**Task statement**
Below is a listing with pictures in it; transcribe exactly the lines from the one that has "Looking at your" through the one that has "So once you've", and omit those pictures.

**Material for this exercise**
::::::::::
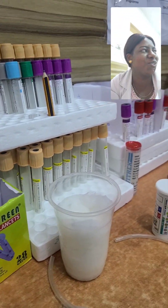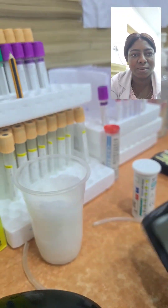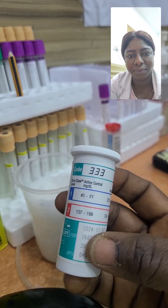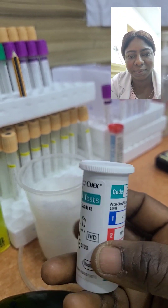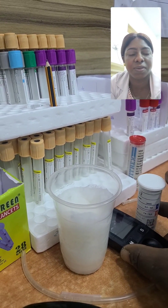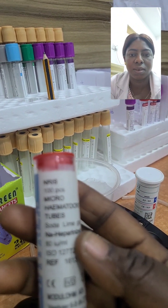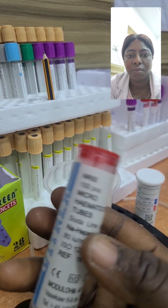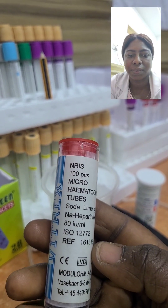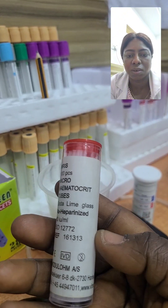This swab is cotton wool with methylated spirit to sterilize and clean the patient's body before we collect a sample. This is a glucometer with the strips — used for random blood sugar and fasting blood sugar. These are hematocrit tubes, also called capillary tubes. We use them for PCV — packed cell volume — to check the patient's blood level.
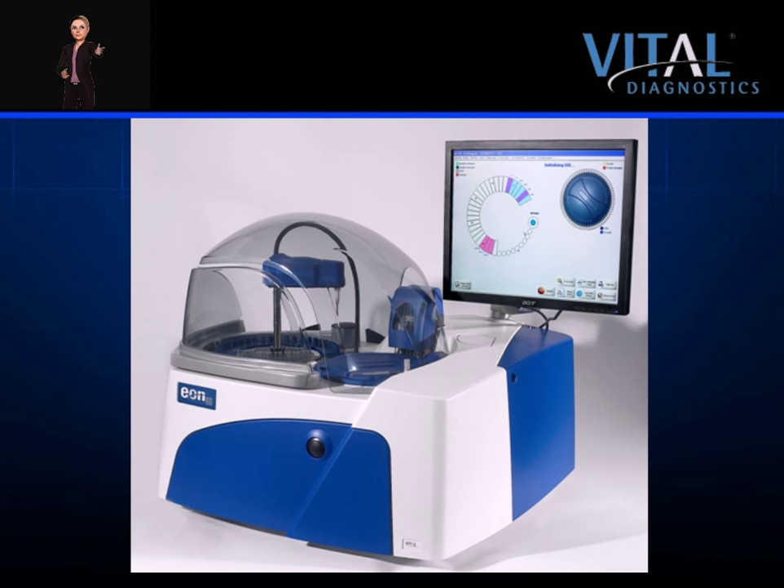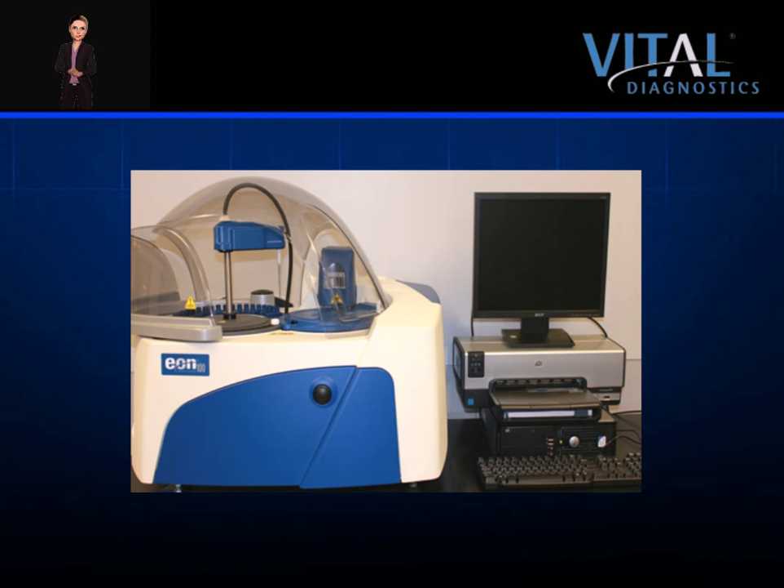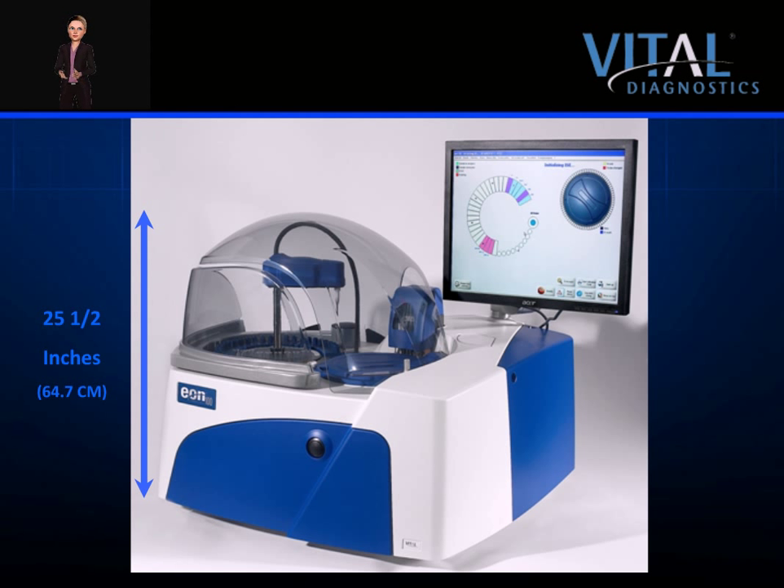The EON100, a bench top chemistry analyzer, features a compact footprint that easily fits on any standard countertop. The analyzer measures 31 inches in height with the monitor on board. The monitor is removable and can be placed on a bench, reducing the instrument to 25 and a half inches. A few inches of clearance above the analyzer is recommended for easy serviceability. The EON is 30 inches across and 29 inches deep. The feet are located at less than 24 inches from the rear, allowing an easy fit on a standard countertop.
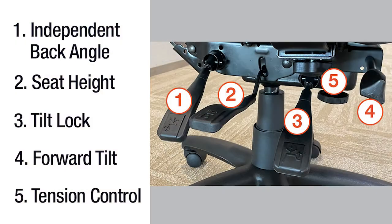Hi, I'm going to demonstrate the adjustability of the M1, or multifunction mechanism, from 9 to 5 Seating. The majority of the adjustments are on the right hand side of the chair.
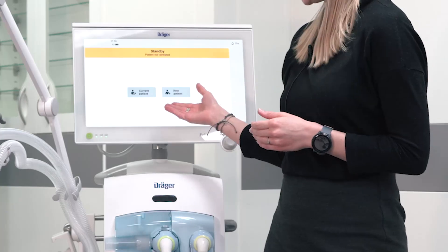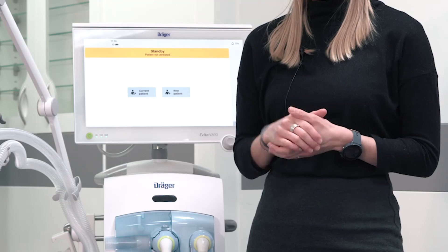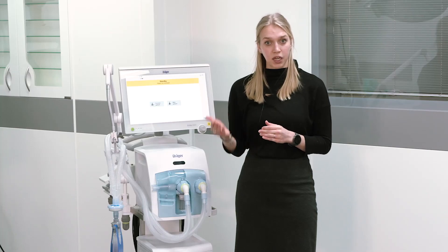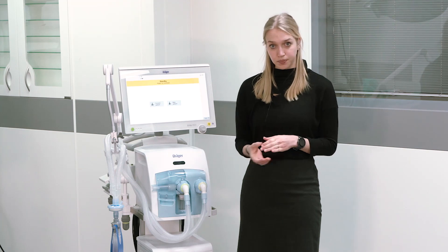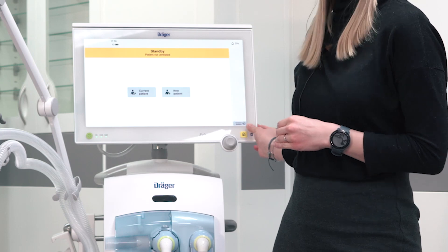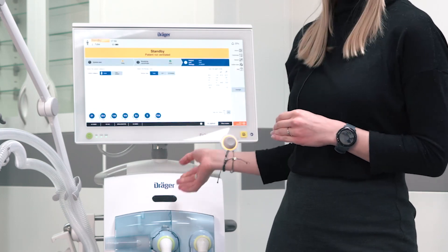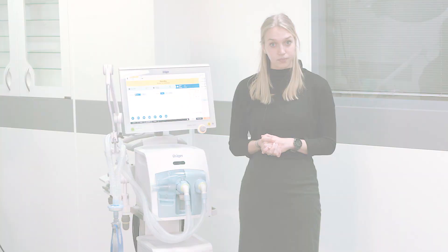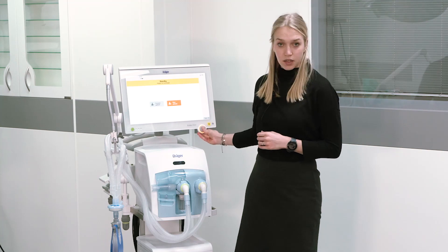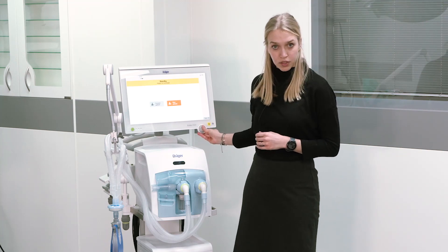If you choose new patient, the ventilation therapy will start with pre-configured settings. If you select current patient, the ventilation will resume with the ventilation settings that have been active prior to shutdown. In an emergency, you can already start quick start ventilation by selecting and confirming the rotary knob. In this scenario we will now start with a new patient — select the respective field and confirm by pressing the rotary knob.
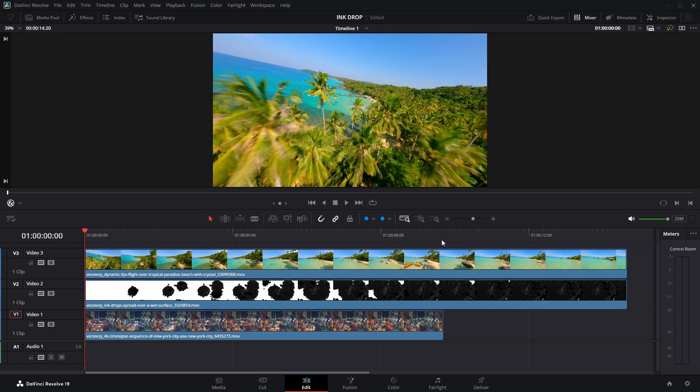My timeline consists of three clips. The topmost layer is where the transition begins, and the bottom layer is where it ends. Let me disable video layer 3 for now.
::::::::::
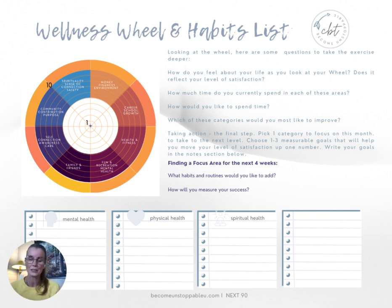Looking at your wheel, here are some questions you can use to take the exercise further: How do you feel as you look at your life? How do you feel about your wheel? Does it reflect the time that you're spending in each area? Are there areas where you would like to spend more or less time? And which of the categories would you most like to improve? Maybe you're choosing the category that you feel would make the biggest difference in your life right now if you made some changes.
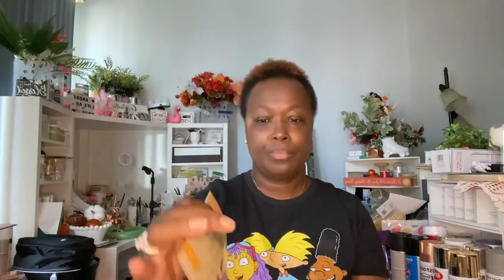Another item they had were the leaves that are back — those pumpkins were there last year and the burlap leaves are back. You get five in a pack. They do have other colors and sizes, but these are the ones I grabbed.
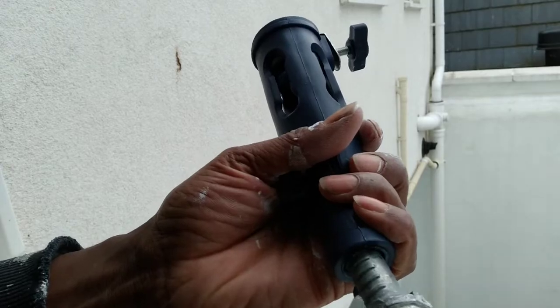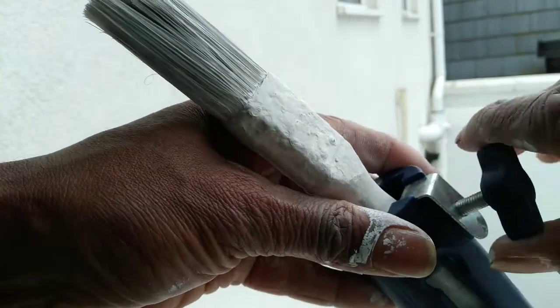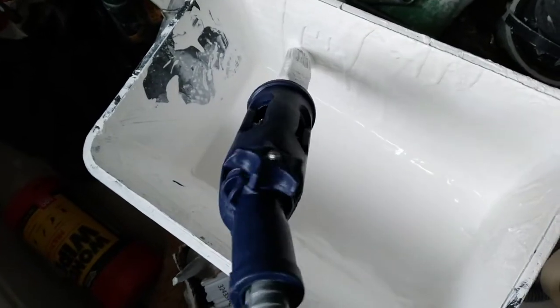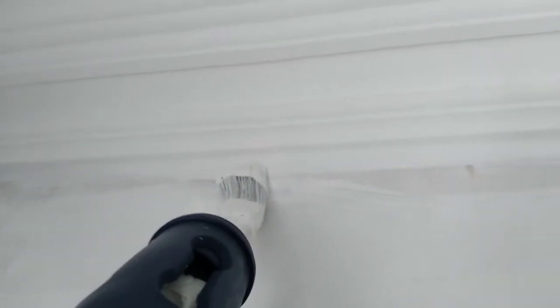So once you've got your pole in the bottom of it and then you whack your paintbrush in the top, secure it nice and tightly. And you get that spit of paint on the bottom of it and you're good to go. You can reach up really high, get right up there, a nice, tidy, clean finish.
::::::::::
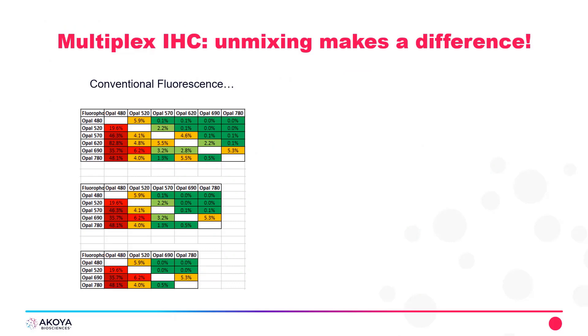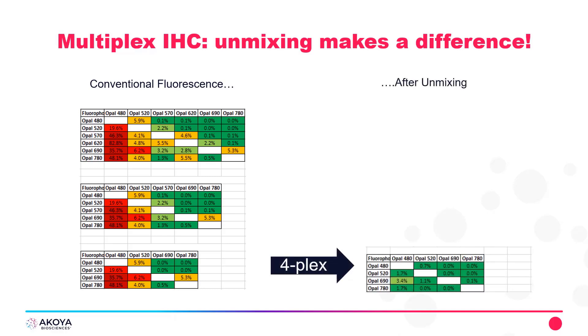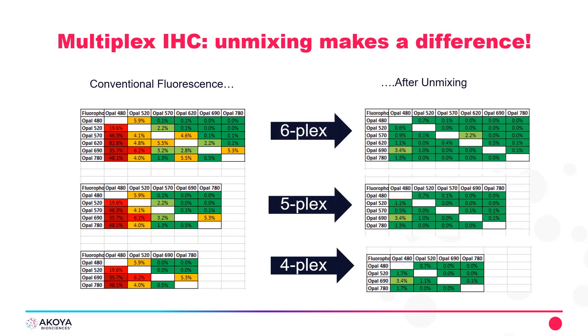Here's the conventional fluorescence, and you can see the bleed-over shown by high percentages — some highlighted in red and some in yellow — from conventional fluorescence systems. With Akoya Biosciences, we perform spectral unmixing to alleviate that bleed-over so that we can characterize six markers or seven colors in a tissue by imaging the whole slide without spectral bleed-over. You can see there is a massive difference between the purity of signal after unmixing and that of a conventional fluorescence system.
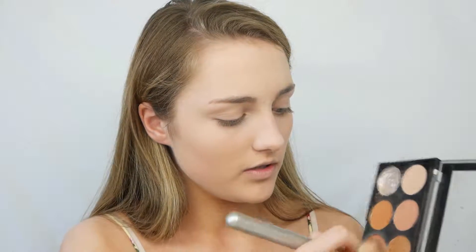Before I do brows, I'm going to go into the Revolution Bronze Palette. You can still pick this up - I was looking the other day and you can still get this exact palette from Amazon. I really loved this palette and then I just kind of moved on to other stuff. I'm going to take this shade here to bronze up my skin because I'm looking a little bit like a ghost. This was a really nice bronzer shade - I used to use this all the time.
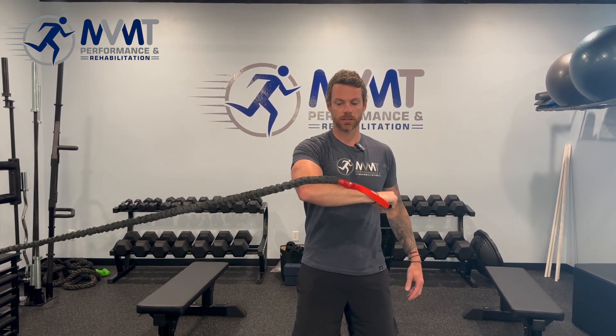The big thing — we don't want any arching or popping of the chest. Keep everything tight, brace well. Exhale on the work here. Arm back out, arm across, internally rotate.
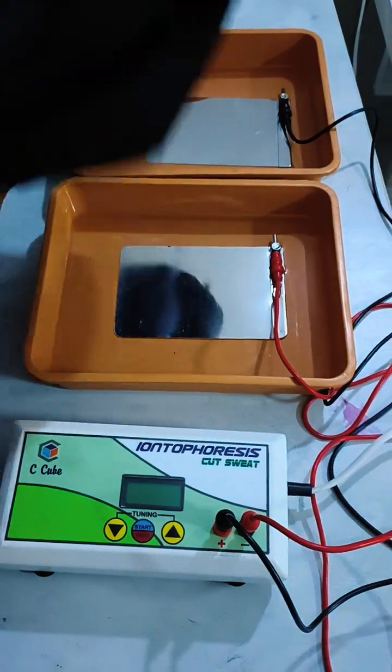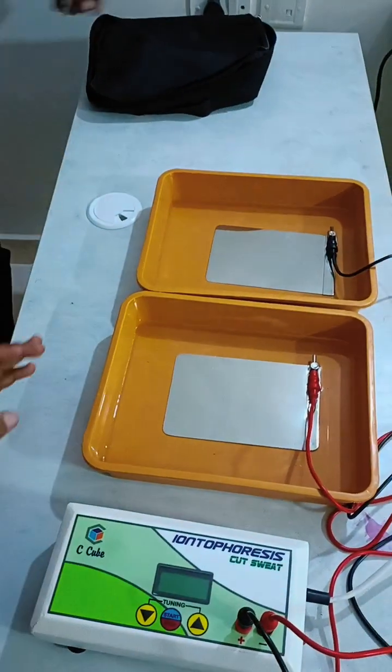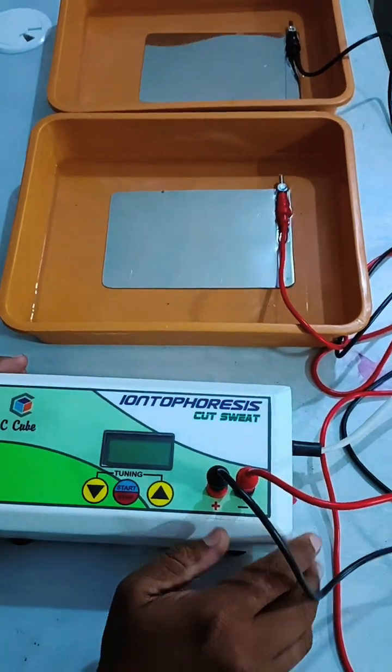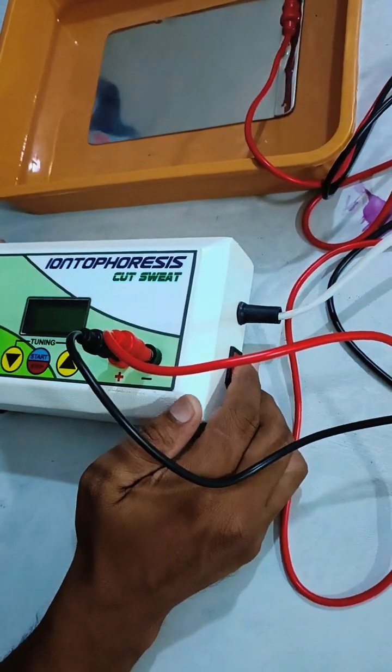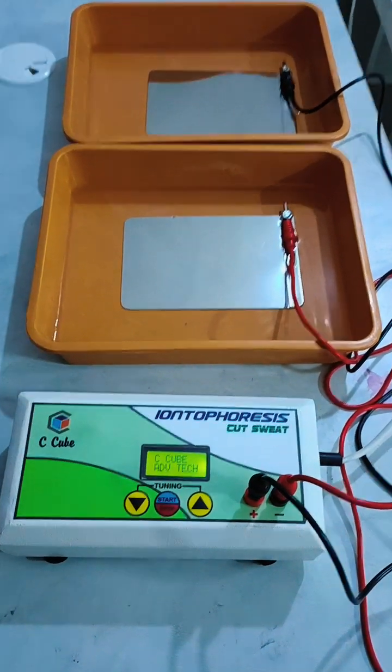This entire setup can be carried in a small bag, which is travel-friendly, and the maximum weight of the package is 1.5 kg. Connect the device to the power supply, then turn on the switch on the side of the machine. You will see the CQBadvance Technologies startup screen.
::::::::::
**Your solution**
Looking at your wheel, here are some questions you can use to take the exercise further: How do you feel as you look at your life? How do you feel about your wheel? Does it reflect the time that you're spending in each area? Are there areas where you would like to spend more or less time? And which of the categories would you most like to improve? Maybe you're choosing the category that you feel would make the biggest difference in your life right now if you made some changes.
Another item they had were the leaves that are back — those pumpkins were there last year and the burlap leaves are back. You get five in a pack. They do have other colors and sizes, but these are the ones I grabbed.
So once you've got your pole in the bottom of it and then you whack your paintbrush in the top, secure it nice and tightly. And you get that spit of paint on the bottom of it and you're good to go. You can reach up really high, get right up there, a nice, tidy, clean finish.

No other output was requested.